The results announced Tuesday underscore how technology giants have adapted to become even more successful during a nearly two-year pandemic that has roiled much of the economy.

In a show of confidence intended to make its shares more affordable, Google parent Alphabet also announced plans for its first stock split since 2014.

If approved, the proposed 20-for-1 split will reduce the price for each share this July while keeping Alphabet’s market value intact.

Alphabet’s stock surged 7% in extended trading after the news came out.

Google stumbled during the early stages of the pandemic in 2020, causing it to suffer its first year-over-year decline in quarterly revenue.

But as government-imposed lockdowns led people to order more takeout and shop more online, Google’s dominant online ad network became even more of a magnet for merchants trying to connect with consumers corralled at home.

In last year’s October-December period, Google raked in $61.2 billion in ad sales, a 33% increase from the same period during the previous year.

As usual, Google’s ad business accounted for the bulk of Alphabet’s profits.

The Mountain View, California, company earned $20.6 billion, or $30.69 per share, well above the average estimated of $27.66 per share among analysts surveyed by FactSet Research.

Revenue rose 32% from the previous year to $75.3 billion, eclipsing analysts’ predictions for revenue of $72.3 billion.

The impressive numbers pushed Alphabet’s share price near $3,000 in extended trading.

If the stock is hovering around that price at the time of the proposed stock split, the shares would be repriced at about $150 apiece.

In 2021, Google’s ad revenue topped $200 billion for the first time in the company’s 23-year history.

Last year’s ad sales of $209.5 billion represented a 55% increase from the $134.8 billion posted in 2019 – the last full year before the pandemic changed everything.

In a change from recent quarters, advertising growth on Google’s YouTube video service lagged slightly behind overall gains in the business.

In the most recent quarter, YouTube’s ad revenue totaled $8.6 billion, a 25% increase from the previous year.

For all of 2021, YouTube pulled in $28.8 billion in advertising, nearly double its 2019 haul.

Google’s prosperity has made it a target for both regulators and lawmakers, who believe the company has been abusing the power of its popular search engine and other services such as Maps, Gmail and the Chrome browser to unfairly trample competition.
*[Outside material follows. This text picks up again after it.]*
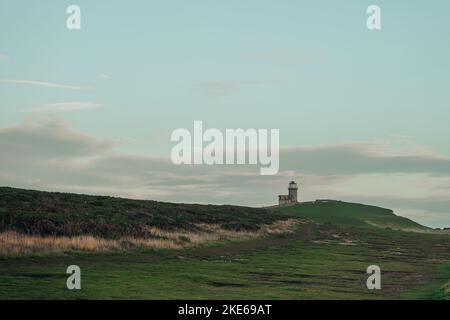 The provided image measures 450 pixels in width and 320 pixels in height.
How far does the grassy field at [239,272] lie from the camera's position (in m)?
26.9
Some of those claims are being aired out in a series of antitrust lawsuits filed in 2020 by the U.S. Justice Department and state attorneys general.

GM posts $10B profits for 2021; up 56% over 2020

DETROIT – General Motors increased its net income 56% last year, helped by higher prices for its vehicles that were made scarce by a global shortage of computer chips.
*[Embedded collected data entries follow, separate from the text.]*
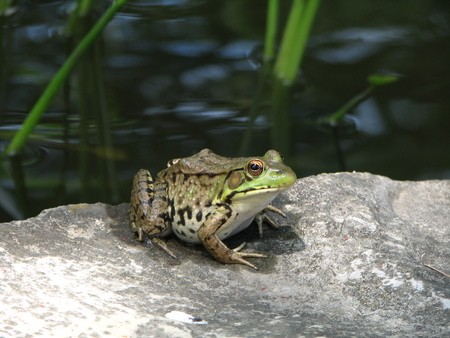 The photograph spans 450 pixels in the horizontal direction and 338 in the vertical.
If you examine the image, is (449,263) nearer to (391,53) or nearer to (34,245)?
(34,245)

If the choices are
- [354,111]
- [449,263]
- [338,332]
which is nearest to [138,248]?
[338,332]

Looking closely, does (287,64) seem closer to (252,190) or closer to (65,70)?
(65,70)

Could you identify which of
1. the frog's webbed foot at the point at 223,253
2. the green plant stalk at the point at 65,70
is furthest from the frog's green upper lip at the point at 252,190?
the green plant stalk at the point at 65,70

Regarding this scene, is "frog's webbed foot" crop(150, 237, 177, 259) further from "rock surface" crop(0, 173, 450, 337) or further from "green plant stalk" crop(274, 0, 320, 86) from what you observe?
"green plant stalk" crop(274, 0, 320, 86)

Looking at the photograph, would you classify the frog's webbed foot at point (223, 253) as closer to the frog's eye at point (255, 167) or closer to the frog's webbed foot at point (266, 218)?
the frog's webbed foot at point (266, 218)

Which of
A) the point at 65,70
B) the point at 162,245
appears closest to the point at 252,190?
the point at 162,245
The Detroit automaker said Tuesday that it made $10.02 billion for the full year.

And it predicted record pretax earnings in 2022 of $13 billion to $15 billion and net income of $9.4 billion to $10.8 billion.
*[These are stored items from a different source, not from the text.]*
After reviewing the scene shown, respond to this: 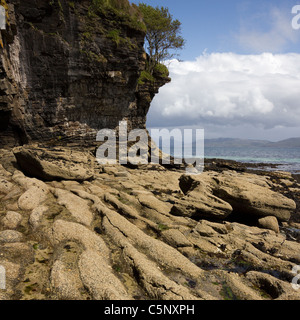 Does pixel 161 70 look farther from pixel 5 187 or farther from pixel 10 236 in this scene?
pixel 10 236

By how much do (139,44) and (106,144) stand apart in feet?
53.2

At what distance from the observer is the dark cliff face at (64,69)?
75.4 feet

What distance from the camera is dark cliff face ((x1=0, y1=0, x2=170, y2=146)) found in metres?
23.0

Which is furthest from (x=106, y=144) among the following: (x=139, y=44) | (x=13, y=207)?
(x=13, y=207)

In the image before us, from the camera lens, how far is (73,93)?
2922 centimetres

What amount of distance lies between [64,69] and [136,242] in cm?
2562

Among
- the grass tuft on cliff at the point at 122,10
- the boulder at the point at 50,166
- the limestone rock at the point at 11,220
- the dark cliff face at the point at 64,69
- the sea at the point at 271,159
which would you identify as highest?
the grass tuft on cliff at the point at 122,10

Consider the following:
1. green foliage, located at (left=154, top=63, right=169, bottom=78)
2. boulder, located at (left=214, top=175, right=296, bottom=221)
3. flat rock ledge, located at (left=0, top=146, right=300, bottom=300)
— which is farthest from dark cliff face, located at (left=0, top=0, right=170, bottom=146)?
boulder, located at (left=214, top=175, right=296, bottom=221)

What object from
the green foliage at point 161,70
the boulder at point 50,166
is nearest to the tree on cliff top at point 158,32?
the green foliage at point 161,70

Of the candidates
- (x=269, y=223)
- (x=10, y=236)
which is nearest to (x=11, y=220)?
(x=10, y=236)

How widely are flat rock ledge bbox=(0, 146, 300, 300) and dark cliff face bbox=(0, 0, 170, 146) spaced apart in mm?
11287

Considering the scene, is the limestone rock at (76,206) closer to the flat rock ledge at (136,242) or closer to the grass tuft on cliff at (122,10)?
the flat rock ledge at (136,242)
Excluding one-time items, GM made $7.07 per share for the year, beating analyst estimates of $6.83, according to FactSet.

Full year revenue of $127 billion fell short of estimates of $128.7 billion.

In the fourth quarter, GM made a $1.7 billion net profit.

GM’s sales in the U.S., its most profitable market, fell 13% for the year, and it was unseated by Toyota as the nation’s top-selling automaker for the first time.

The company lost almost 3 percentage points of market share, which fell to 14.6%

But GM’s average vehicle sales price rose almost 20% in the fourth quarter from a year ago to nearly $54,000 as it sold more loaded-out trucks and SUVs, according to Edmunds.com.

Nearly all automakers have been forced to cut production due to the global semiconductor shortage, leaving few new vehicles on dealer lots.